Fitch Affirms Georgia's JSC Partnership Fund at 'BB-'; Outlook Stable

Fitch Affirms Georgia's JSC Partnership Fund at 'BB-'; Outlook Stable

Fitch Affirms Georgia's JSC Partnership Fund at 'BB-'; Outlook Stable

The FINANCIAL -- Fitch Ratings has affirmed Georgia's JSC Partnership Fund's (PF) Long-Term Foreign- and Local-Currency Issuer Default Ratings (IDR) at 'BB-' with Stable Outlooks. The agency has also affirmed the company's Short-Term Local-Currency IDR at 'B'. 

"PF's ratings are equalised with those of Georgia (BB-/Stable/B), which reflects the Fund's legal status, tight control by the government and 100% state ownership and its important role in the government's economic policy. Fitch uses its public-sector entities rating criteria in its analysis of PF and views it as being credit-linked to the sovereign. We view the Georgian government's ability and intent to support the fund's potential issued or guaranteed debt as a key factor in determining rating equalisation with the sovereign," Fitch Ratings reported.


The affirmation reflects PF's unchanged special legal status as an extension of the government in managing its strategic assets and acting as a development arm and quasi-budget vehicle of the government. Fitch views Georgia's willingness to support PF as largely unchanged, as the fund remains important state agent in implementing its development agenda.

Legal Status Assessed as Stronger 

PF is 100% owned by the state and operates under its own act - Georgia's law on JSC Partnership Fund, highlighting its unique nature and special status. Its mandate is to promote private equity investments in Georgia and oversee key national infrastructure corporations. The state endowed PF with 100% stakes in Georgian Railway (GR, B+/Stable), JSC Georgian Oil and Gas Corporation (GOGC, BB-/Stable), JSC Georgian State Electrosystem, and JSC Electricity System Commercial Operator. 

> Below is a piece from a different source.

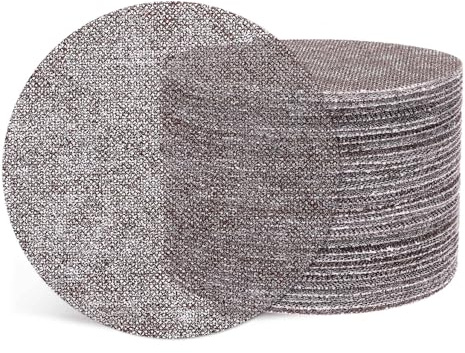 Kozelo 50 Pcs Grid Sanding Discs 125 mm 40 Grit Hook and Loop Orbital Sandpaper Suitable for Drywall Sander Wood Metal Furniture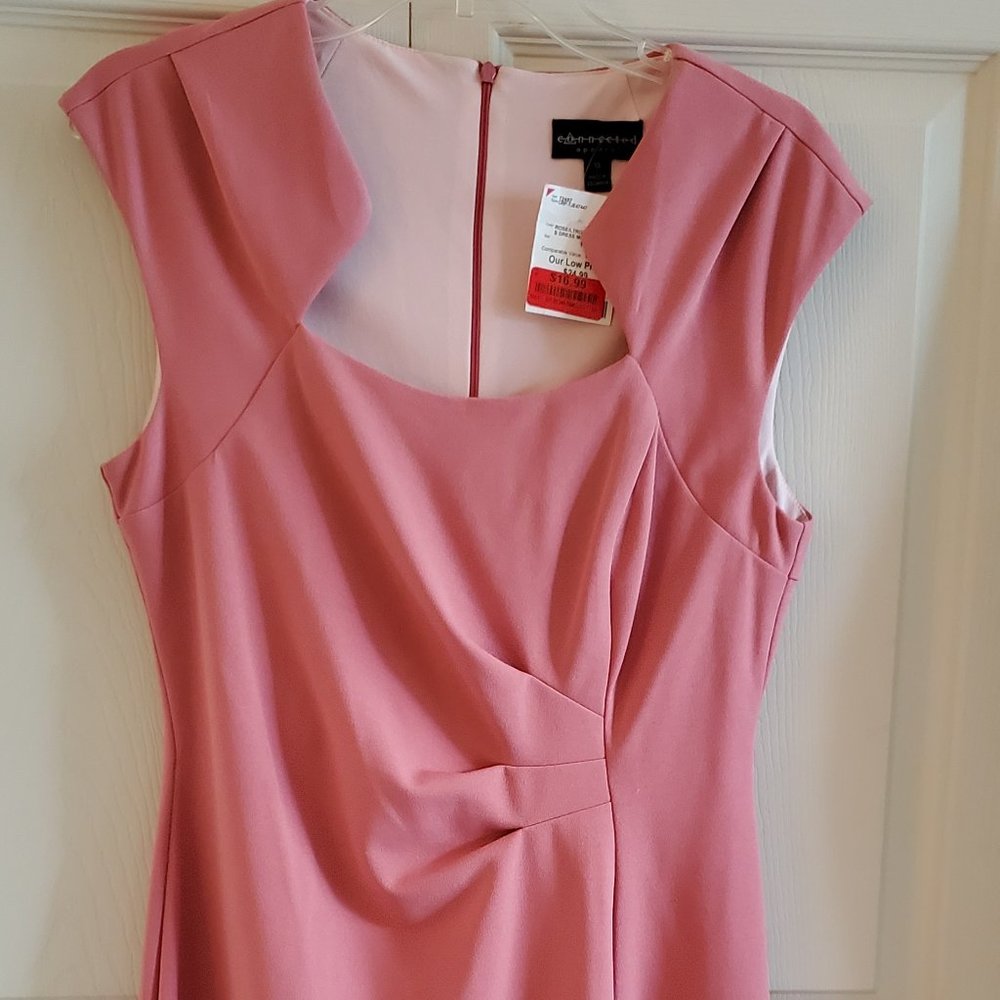 Connected Apparel Salmon-pink Sleeveless Dress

Strategic Importance Assessed as Stronger 

Fitch views the fund as an entity of strategic importance. Georgia's government uses PF as a financing vehicle to promote investments stimulating growth of the national economy. The fund's aim is to develop private equity investments in wide range of economic projects generating positive economic returns, a market which is currently undeveloped in Georgia. Along with private funding PF co-invests in agriculture, manufacturing, real estate and energy. 

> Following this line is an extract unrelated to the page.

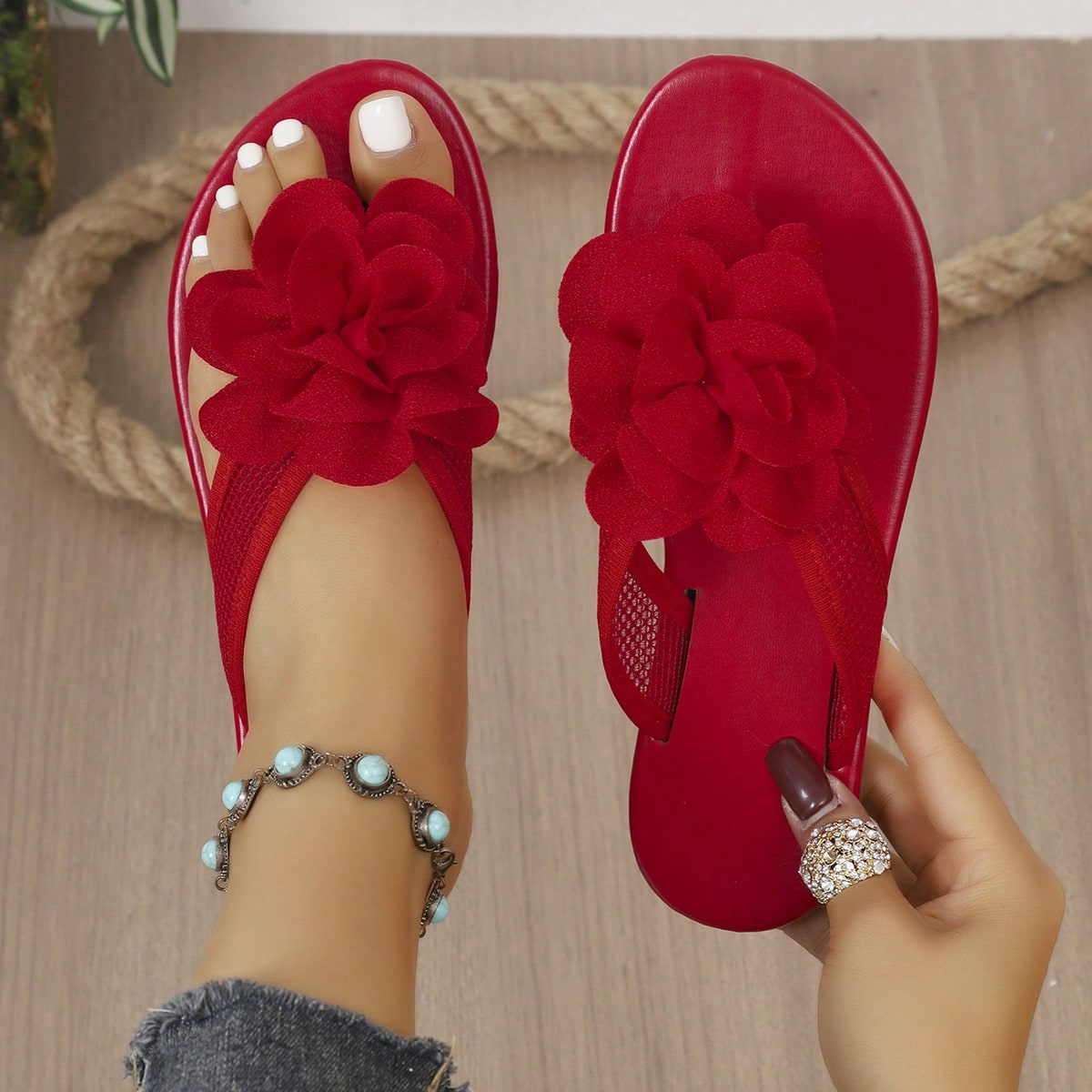 Sandalias de dedo de tela con estampado floral de unicolor, moda para playa y vacaciones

While the Georgian government remains committed to its economic development agenda, we believe the fund's strategic role in facilitating investments in the backbone sectors of national economy, particularly in the energy sector and infrastructure development, will not change. 

Control Assessed as Stronger

Fitch views the government's control and oversight over PF's operations as strong. The fund's supervisory board is chaired by the Georgian prime minister and composed of leading cabinet members and independent directors from the private sector. The state mandates PF's key policies on debt, dividends and investments, appoints its audit committee and external auditor, monitors and controls the use of government funds and property allocated to the entity.

Integration Assessed as Stronger 

"In Fitch's view, PF is deeply integrated with the national budgetary system as it holds stakes in the largest national corporations in Georgia, and plays the role of the government's quasi-budget agent. We treat recent state contributions to the fund in the form of pipe-lines, land plots and other property along with unchanged finding model via dividends from its portfolio companies as a rating support factor and evidence of financial integration with the sovereign," Fitch Ratings said.

Debt and Liquidity

The bulk of PF's debt stock comprises a USD150 million bank loan from Credit Suisse, maturing in 2020. In September 2017 the fund should make about USD31 million interest and principal amortisation payment. To meet this obligation the fund already accumulated USD32.3 million at the special reserve account as of 1 September. 

In 2018-2020 PF will experience repayment peak with debt servicing increasing to around USD50 million annually. This will require higher dividend inflow (averaged about USD20 million in 2015-2017), which may be difficult to achieve taking into account the slow recovery of PF subsidiaries' profitability. This is mitigated by a strong cash position (USD104 million as of end-2016). PF could also occasionally borrow from its key subsidiaries (GR and GOGC).


Sovereign-Linked Ratings: Any positive rating action on Georgia, coupled with continued support from the state, would be rating positive, as PF is credit linked to the sovereign. 

Weaker links with the state would be rating negative, a downgrade of Georgia would also be negative.